Charts of the Day: The Bulk E-Retailer Nipping at Alibaba’s Heels
Four-year-old Pinduoduo Inc. is nipping at the heels of China’s largest e-commerce player as traditional rival JD.com Inc. loses momentum.
“Attempts to establish or prolong any monopolistic control are both wasteful and destructive,” Pinduoduo founder and CEO Colin Huang Zheng said last month in his first letter to shareholders since the company listed on the Nasdaq in July. Zheng alleged his rivals force merchants to choose a single platform to promote and sell their goods.
While the 39-year-old entrepreneur didn’t name Alibaba Group Holding Ltd., his broadside was reminiscent of an accusation leveled at Alibaba two years ago by JD.com Chairman Richard Liu.
Alibaba has dominated China’s bustling e-commerce market after years of fierce rivalry with JD.com. The pair control a combined 75% of the market, with Alibaba holding 58%. But the rapid rise of four-year-old Pinduoduo Inc. to seize 5.2% is altering the competitive landscape, perhaps to the benefit of consumers.
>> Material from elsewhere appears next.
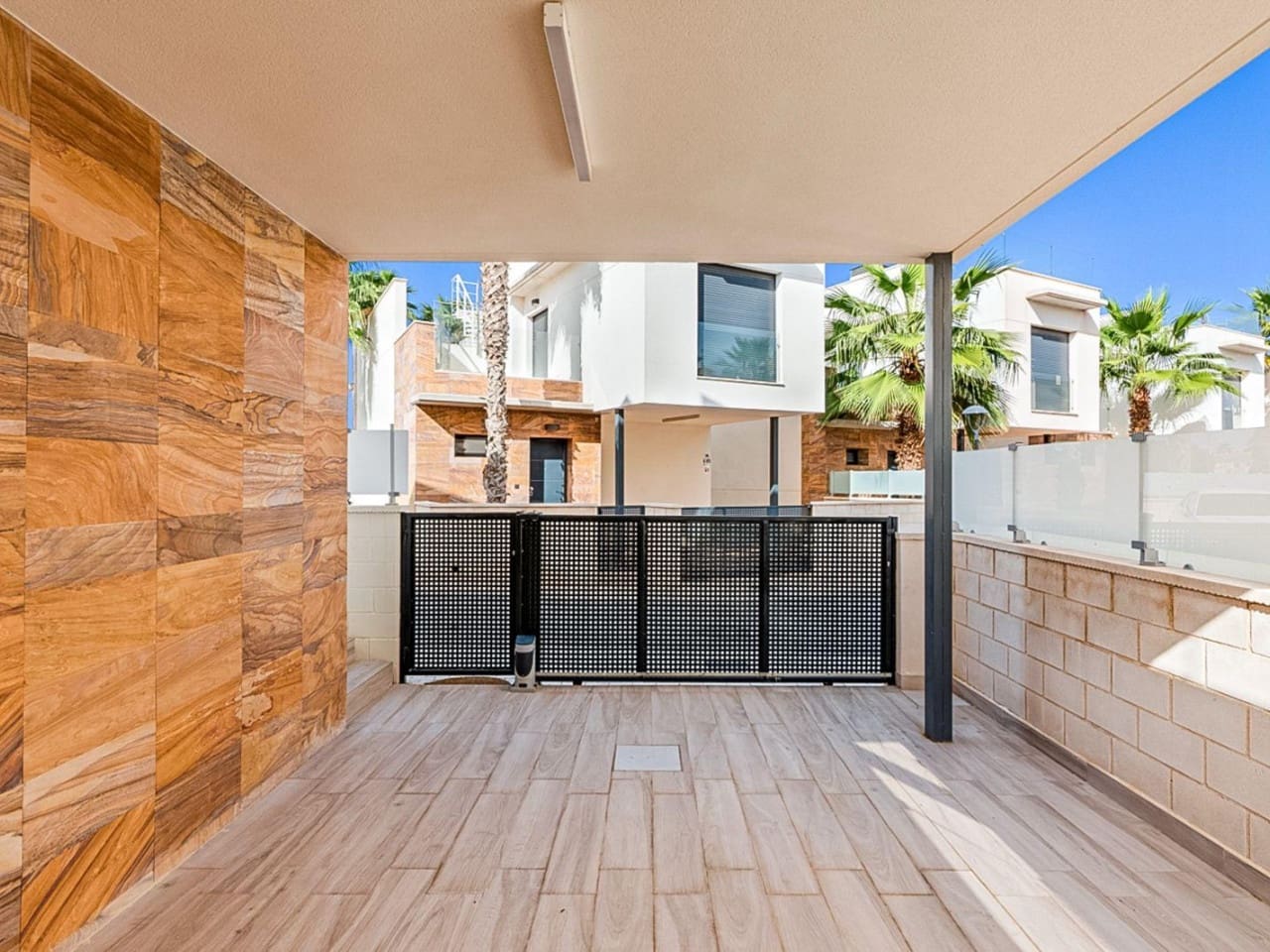 5 sovrum Villa till salu i Orihuela Costa med pool - 829 000 € (Ref: 10080054)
In just four years, the Shanghai-based newcomer developed into China’s third-largest e-retailer. In 2018, Pinduoduo reported 652% growth in sales to 13 billion yuan ($1.9 billion) with 419 million annual active users, surpassing JD.com and moving closer to Alibaba’s 699 million.
An alarming signal for Alibaba is Pinduoduo’s seemingly great profit potential, which is typically measured by dividing e-retailers’ revenue by their gross merchandise volume (GMV) — the total value of stock sold through the platform. Pinduoduo’s gains from its platform orders/GMV ratio reached 2.78% in 2018, very close to Alibaba’s, according to Founder Securities.
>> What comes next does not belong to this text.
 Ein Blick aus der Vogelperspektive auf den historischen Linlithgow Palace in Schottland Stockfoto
Alibaba has shifted focus from competing with JD.com to battling Pinduoduo, sources said. JD.com’s momentum has weakened after a series of recent setbacks including a U.S. sexual assault scandal that has engulfed its founder.
![]() |
While Alibaba and JD.com have in recent years shifted their focus to higher-end products and consumers, Pinduoduo powered its rise by targeting low-cost products and budget shoppers.
Pinduoduo introduced its “group buying” model, which encourages people to buy in bulk together with friends and relatives to access discounts. However, the company reported surging costs to gain new customers in 2018 as it became harder to lure users from outside its already large customer base. But this cost is still far lower than that for Alibaba and JD.com. Pinduoduo spent 7.7 billion yuan on gaining new users last year, a year-on-year increase of 677%.
This story has been updated to correct a chart that contained revenue, net profit and operating cost data that were all off by one decimal place.
Contact reporter Tang Ziyi (ziyitang@caixin.com)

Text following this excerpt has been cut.